◆ Task to carry out
Pictures are to be skipped. Retype exactly the lines from the top of the material through the one with "Cessna 172 M/N Checklist screenshot 2", and only those.

━━━

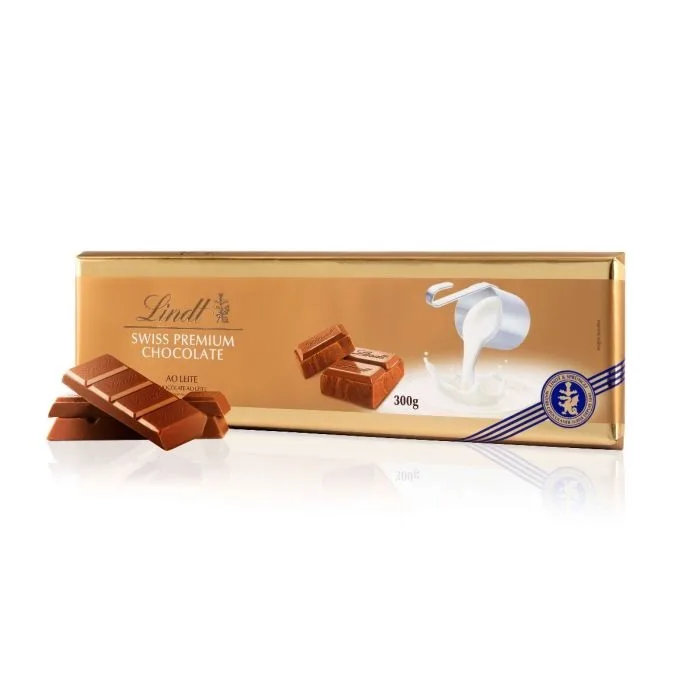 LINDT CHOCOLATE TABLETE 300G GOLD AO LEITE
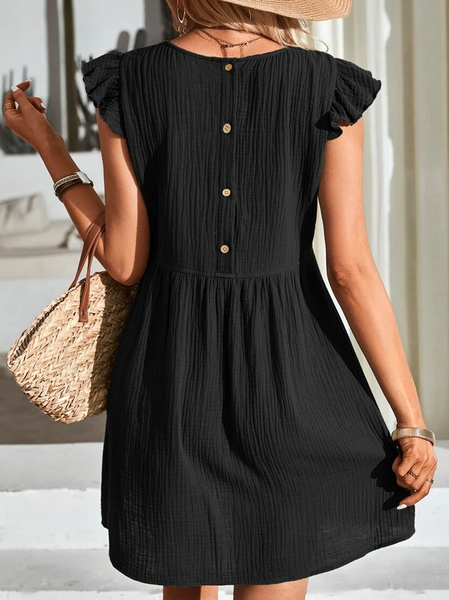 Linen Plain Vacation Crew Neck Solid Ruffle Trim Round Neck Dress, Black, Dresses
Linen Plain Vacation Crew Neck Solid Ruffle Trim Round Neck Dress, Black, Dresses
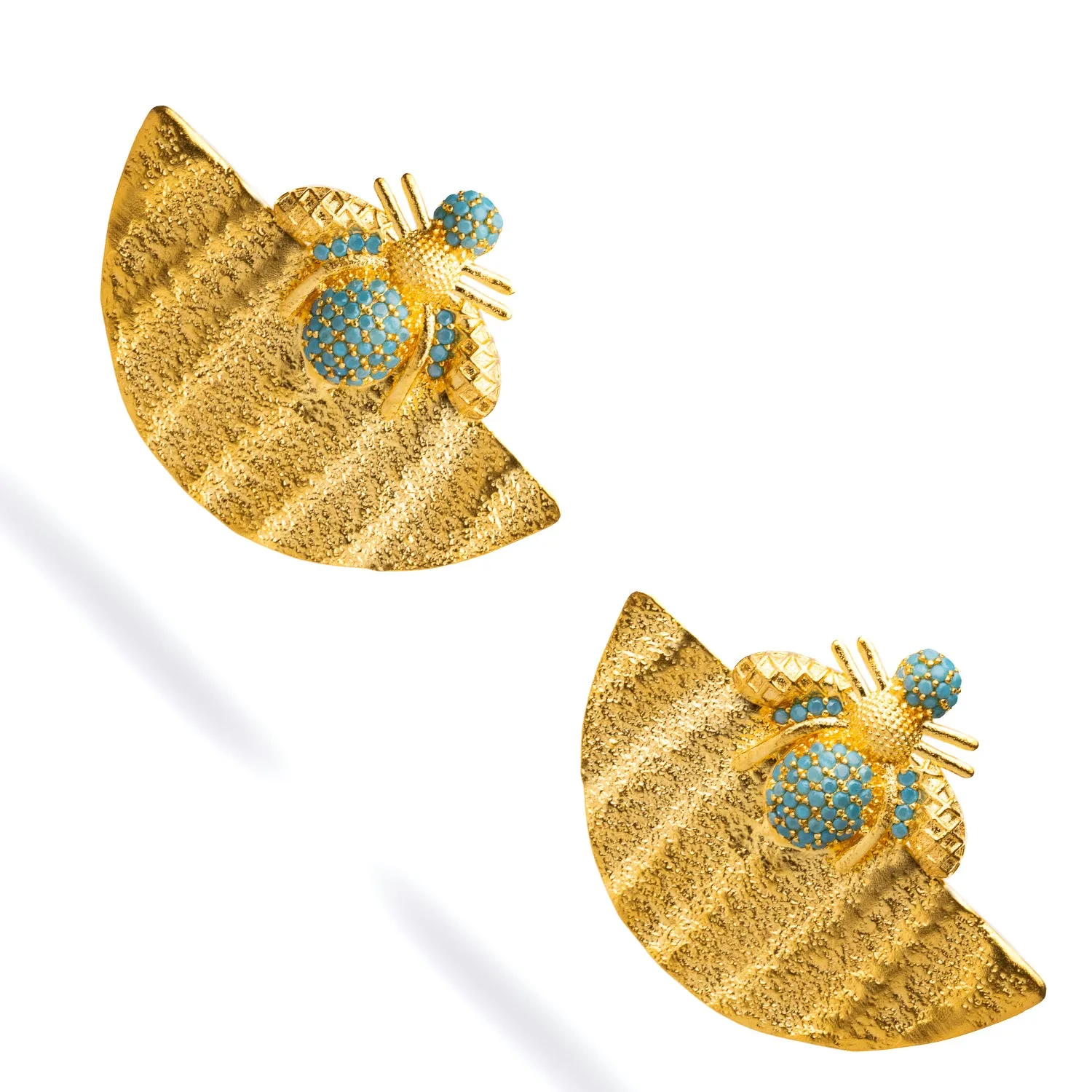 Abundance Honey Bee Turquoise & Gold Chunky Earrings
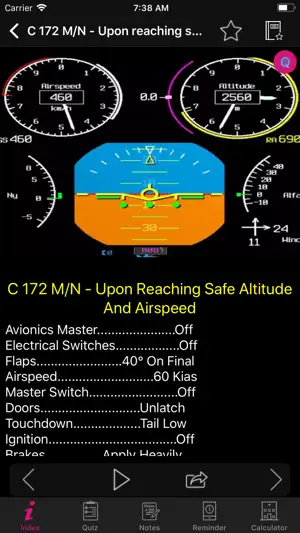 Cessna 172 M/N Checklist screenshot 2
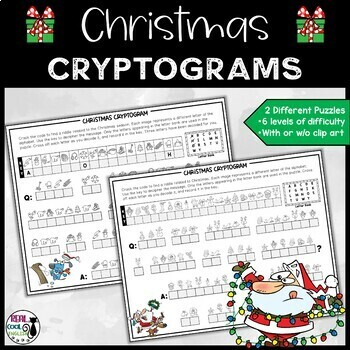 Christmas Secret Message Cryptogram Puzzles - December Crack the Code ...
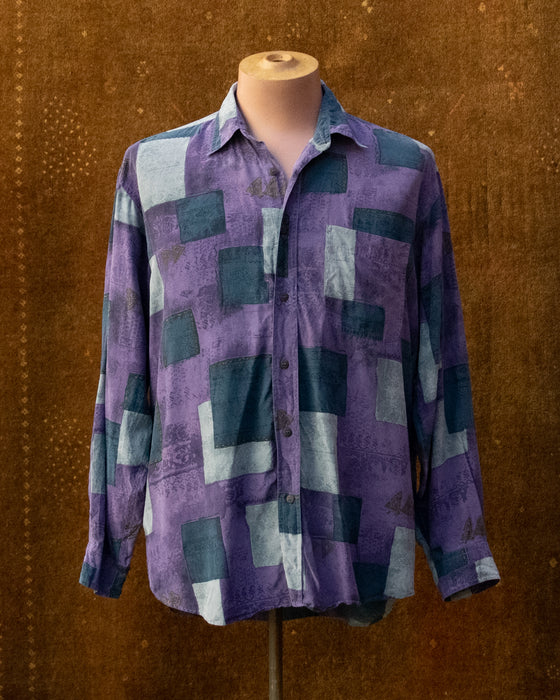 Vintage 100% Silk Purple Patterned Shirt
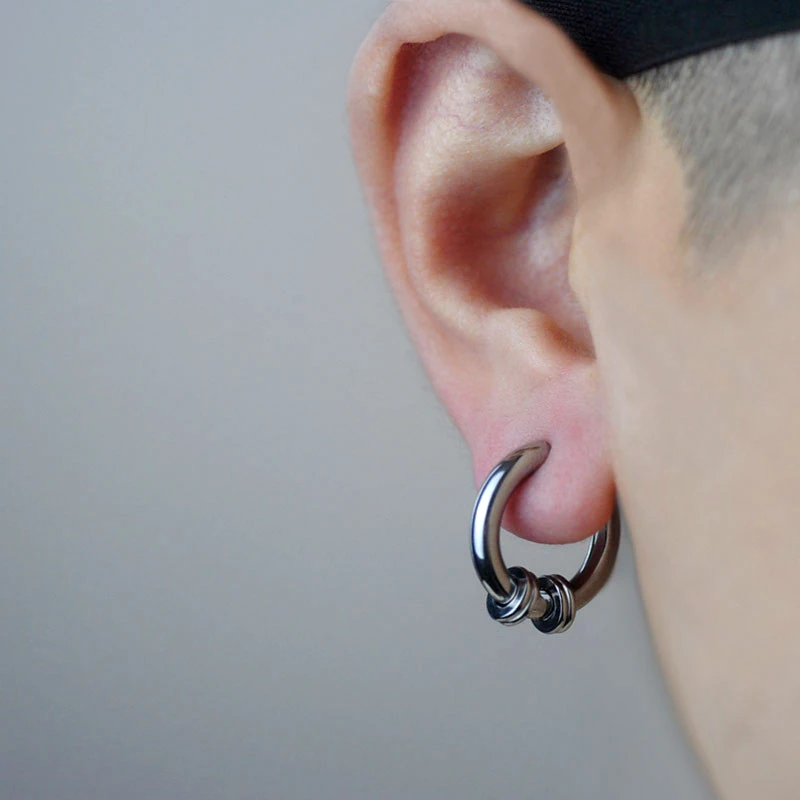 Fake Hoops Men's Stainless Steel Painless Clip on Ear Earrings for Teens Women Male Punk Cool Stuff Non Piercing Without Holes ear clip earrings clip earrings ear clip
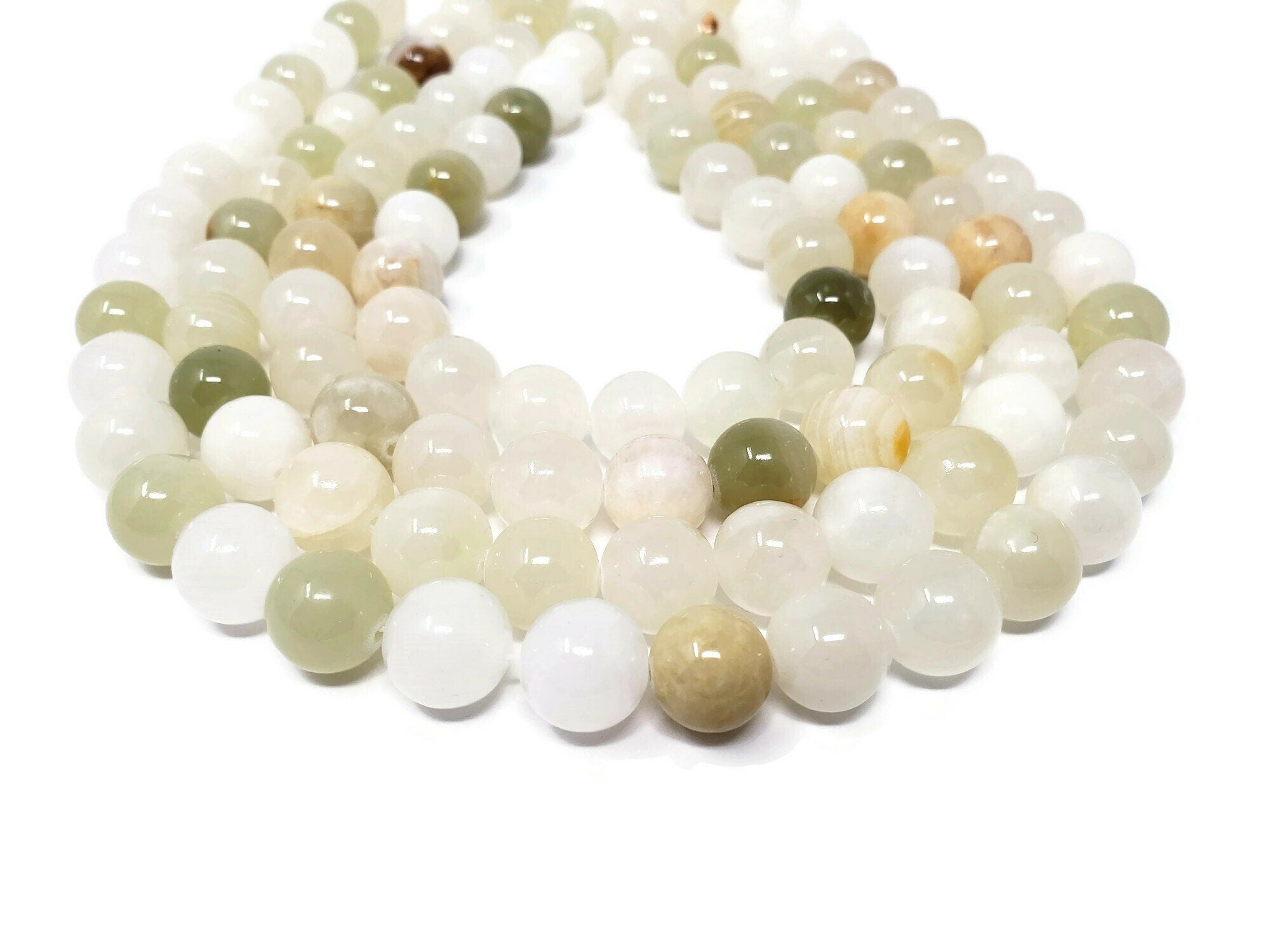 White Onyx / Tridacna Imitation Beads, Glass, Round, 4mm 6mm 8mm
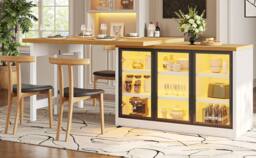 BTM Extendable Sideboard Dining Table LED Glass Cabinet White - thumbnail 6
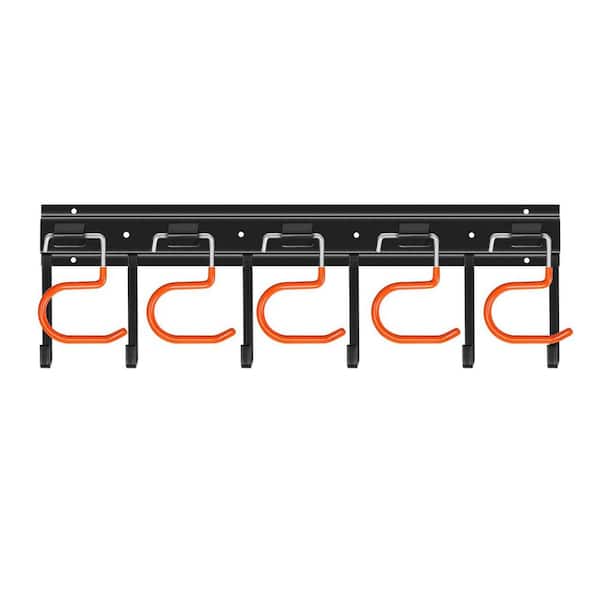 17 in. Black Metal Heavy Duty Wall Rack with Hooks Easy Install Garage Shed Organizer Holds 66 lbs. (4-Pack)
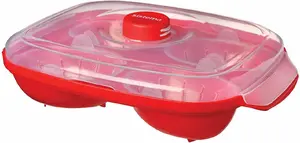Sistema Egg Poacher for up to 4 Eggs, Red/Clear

━━━

◆ Answer for the task
 LINDT CHOCOLATE TABLETE 300G GOLD AO LEITE
 Linen Plain Vacation Crew Neck Solid Ruffle Trim Round Neck Dress, Black, Dresses
Linen Plain Vacation Crew Neck Solid Ruffle Trim Round Neck Dress, Black, Dresses
 Abundance Honey Bee Turquoise & Gold Chunky Earrings
 Cessna 172 M/N Checklist screenshot 2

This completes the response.